The early to mid-1980s was in fact a time of great conflict and the end of an era. It was both the last, last, last vestiges of the ‘Brideshead Oxford’ and also when Thatcherism was ushering in a mass-consumer society, which would badly affect our great universities. Decades later, they’ve now become cowardly market-places for ‘wokedom’ and are in fact mired in conflict with the few remaining true academics, such as the marvellous Nigel Biggar.
Oxford and Cambridge in particular have betrayed free speech and embraced every gimmicky fad. They’ve become drearily conformist when the country needs the opposite, their much-trumpeted diversity is shallow and group-thinking. Above all, they are more class-dominated than ever - with wokedom as an elite signifier, the language of privilege, as Latin was in pre-Reformation monasteries.
Possibly mine is just a late middle-aged man’s view and can be discounted as such; that’s certainly what ‘progressives’ would do. Still, the relentless and one-dimensional ‘be nice’ vacuity and hypocrisy certainly provokes me and many others now: Oxford just seems shallow and silly. Thankfully my negative feelings aren’t those captured by Larkin in his marvellous yet nihilistic Oxford poem Dockery and Son, since I’ve got a beloved child. And, in truth, I’d not encourage her to go there.
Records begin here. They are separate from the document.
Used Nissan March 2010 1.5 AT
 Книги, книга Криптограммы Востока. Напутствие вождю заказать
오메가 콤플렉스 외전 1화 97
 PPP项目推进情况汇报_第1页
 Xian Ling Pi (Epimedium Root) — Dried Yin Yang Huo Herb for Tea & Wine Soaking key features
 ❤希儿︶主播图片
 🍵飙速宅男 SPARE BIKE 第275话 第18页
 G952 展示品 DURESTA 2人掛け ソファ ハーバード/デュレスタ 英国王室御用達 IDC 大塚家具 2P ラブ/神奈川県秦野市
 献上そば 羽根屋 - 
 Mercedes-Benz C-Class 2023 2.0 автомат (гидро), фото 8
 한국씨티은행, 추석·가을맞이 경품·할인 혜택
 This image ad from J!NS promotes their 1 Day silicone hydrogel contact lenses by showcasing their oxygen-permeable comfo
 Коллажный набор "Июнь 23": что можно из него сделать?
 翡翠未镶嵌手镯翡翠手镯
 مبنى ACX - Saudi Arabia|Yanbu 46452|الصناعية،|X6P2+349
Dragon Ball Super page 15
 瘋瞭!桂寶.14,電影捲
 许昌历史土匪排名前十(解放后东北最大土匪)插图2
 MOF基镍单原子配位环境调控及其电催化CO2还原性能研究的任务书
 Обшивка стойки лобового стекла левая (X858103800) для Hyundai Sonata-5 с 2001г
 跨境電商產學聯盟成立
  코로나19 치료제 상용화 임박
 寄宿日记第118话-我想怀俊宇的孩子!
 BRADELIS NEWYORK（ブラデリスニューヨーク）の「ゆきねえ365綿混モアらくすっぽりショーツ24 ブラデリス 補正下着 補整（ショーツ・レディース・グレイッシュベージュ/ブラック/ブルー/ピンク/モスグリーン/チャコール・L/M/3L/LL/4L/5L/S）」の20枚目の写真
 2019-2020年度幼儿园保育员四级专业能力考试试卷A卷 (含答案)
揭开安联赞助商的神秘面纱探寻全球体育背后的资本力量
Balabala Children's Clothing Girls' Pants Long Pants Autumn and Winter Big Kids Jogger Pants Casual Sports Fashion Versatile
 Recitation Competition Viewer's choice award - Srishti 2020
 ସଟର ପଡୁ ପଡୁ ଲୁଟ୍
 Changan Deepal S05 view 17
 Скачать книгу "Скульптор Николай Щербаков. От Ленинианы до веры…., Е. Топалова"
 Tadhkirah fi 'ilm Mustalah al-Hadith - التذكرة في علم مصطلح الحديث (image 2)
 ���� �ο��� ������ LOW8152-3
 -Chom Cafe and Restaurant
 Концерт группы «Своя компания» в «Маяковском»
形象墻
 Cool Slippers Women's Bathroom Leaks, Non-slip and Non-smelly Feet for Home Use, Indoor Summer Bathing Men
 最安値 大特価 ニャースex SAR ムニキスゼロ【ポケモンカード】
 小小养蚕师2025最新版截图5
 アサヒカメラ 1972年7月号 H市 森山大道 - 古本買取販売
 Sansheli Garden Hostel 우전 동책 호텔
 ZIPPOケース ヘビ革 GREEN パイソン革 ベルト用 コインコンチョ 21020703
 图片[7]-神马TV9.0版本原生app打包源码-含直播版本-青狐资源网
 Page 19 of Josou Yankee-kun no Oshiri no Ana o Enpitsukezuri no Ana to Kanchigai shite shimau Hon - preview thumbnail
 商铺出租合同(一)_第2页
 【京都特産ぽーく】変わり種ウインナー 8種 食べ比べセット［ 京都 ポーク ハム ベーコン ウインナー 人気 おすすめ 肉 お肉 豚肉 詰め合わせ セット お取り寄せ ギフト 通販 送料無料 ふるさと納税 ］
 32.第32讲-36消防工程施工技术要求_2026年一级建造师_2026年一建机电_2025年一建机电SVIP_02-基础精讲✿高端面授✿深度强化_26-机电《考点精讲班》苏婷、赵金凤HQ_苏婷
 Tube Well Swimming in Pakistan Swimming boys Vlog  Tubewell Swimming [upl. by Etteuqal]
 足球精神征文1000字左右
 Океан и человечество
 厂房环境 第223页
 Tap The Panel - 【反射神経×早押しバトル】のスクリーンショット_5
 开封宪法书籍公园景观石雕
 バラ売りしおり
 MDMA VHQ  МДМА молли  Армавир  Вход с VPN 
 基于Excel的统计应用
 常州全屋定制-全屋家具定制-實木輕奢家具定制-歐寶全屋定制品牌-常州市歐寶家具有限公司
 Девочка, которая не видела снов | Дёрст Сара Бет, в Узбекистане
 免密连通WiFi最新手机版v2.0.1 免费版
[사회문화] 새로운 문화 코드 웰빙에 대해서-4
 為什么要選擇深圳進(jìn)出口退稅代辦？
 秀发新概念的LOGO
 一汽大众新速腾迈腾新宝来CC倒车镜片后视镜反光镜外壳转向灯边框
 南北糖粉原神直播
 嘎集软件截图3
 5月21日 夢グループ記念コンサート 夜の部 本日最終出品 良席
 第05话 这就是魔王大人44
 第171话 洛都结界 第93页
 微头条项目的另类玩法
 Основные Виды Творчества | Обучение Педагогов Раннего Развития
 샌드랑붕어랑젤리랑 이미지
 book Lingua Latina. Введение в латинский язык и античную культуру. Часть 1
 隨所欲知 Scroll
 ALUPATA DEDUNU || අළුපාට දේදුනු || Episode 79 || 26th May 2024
I wasn’t really happy and my ambition for her is that she is. Maybe that’s hopelessly simplistic but the important things are the simplest though not the easiest.
So, to a gaudy, last Friday. A nice evening (thanks to the College) and good to see old acquaintances, but with those feeling of unease which I’m trying to articulate. Maybe it was only writing freely, marriage and family that could give me what I wanted.
I wrote this some time ago but it captures what I see now. It’s completely fictional, in case it seems a bit ‘close to the bone’:
I’m back at Jesus next week - running an electrical course for the maintenance guys 😀 nothing too lofty for me I’m afraid.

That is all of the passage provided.